* _Task goal_
Leave the pictures out, and transcribe the material below exactly from the line with "Luksusowy czarny samochód" to the line with "6795 Snow Goose", both lines included.

* _Material to process_
* * * * * * *

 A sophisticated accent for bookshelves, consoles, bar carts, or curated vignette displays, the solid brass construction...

* * * * * * *

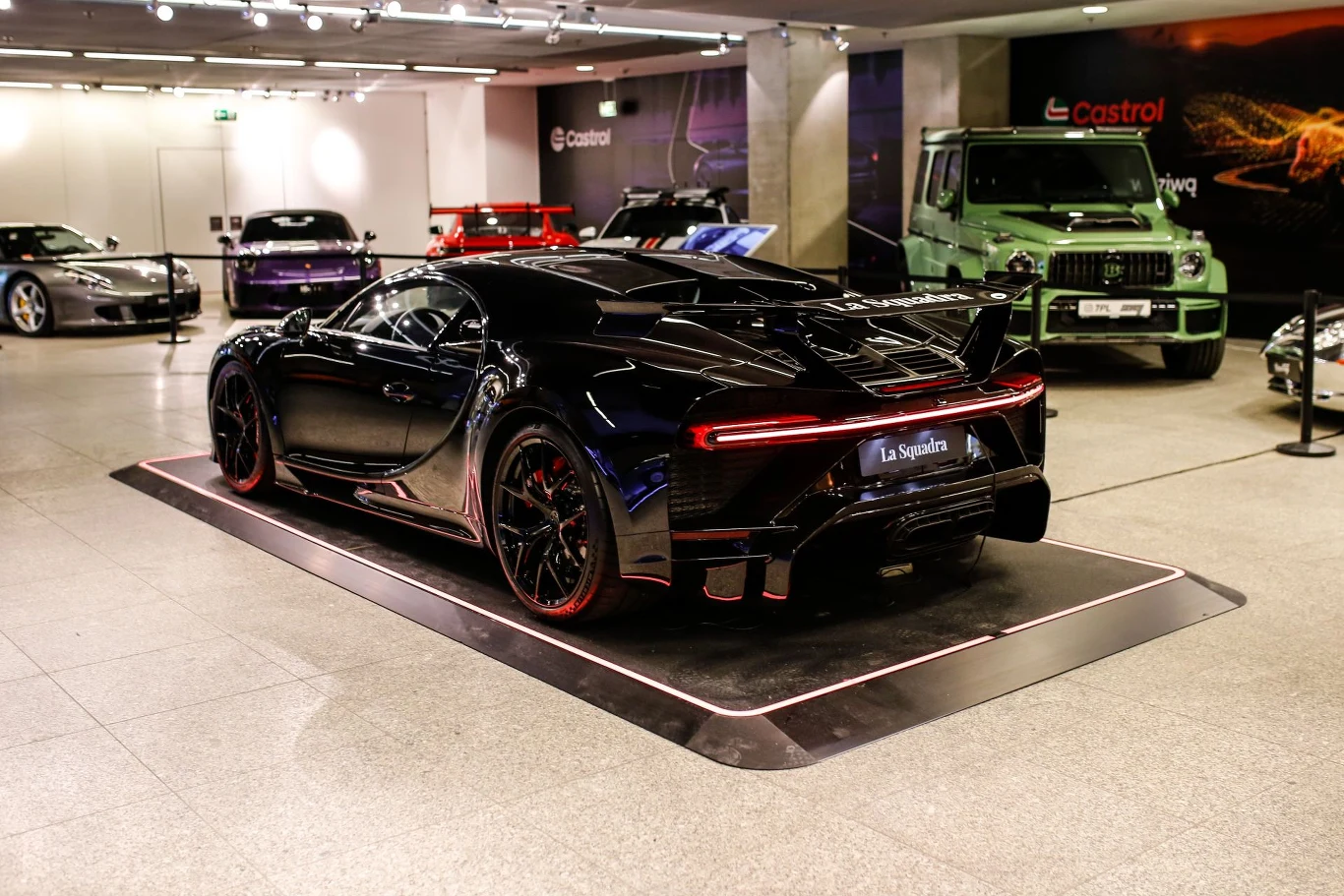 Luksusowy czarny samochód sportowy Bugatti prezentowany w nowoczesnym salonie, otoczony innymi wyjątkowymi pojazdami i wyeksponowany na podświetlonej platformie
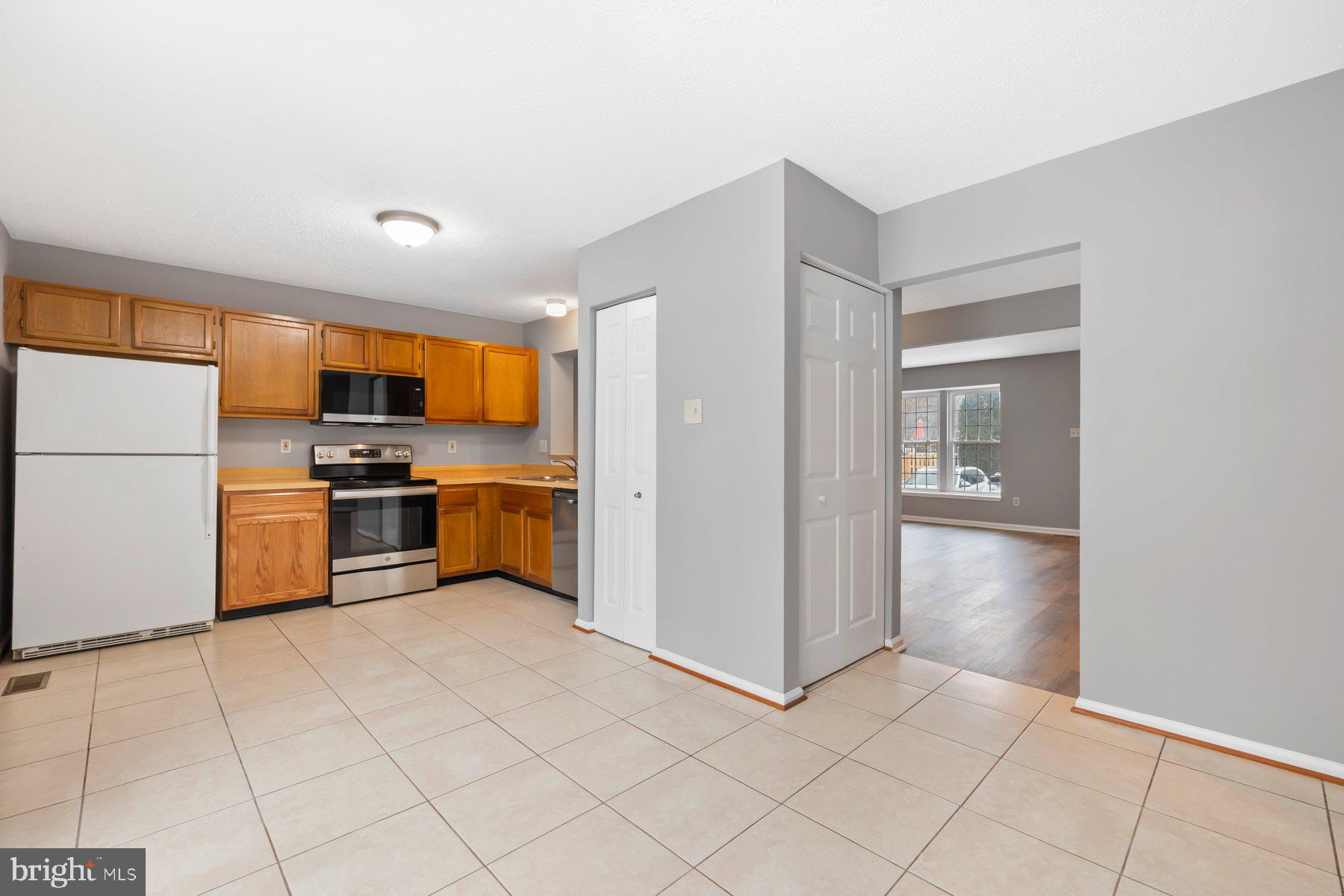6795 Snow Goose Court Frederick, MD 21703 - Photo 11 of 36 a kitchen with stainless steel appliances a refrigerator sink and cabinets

* * * * * * *

* _Written solution_
 Luksusowy czarny samochód sportowy Bugatti prezentowany w nowoczesnym salonie, otoczony innymi wyjątkowymi pojazdami i wyeksponowany na podświetlonej platformie
6795 Snow Goose Court Frederick, MD 21703 - Photo 11 of 36 a kitchen with stainless steel appliances a refrigerator sink and cabinets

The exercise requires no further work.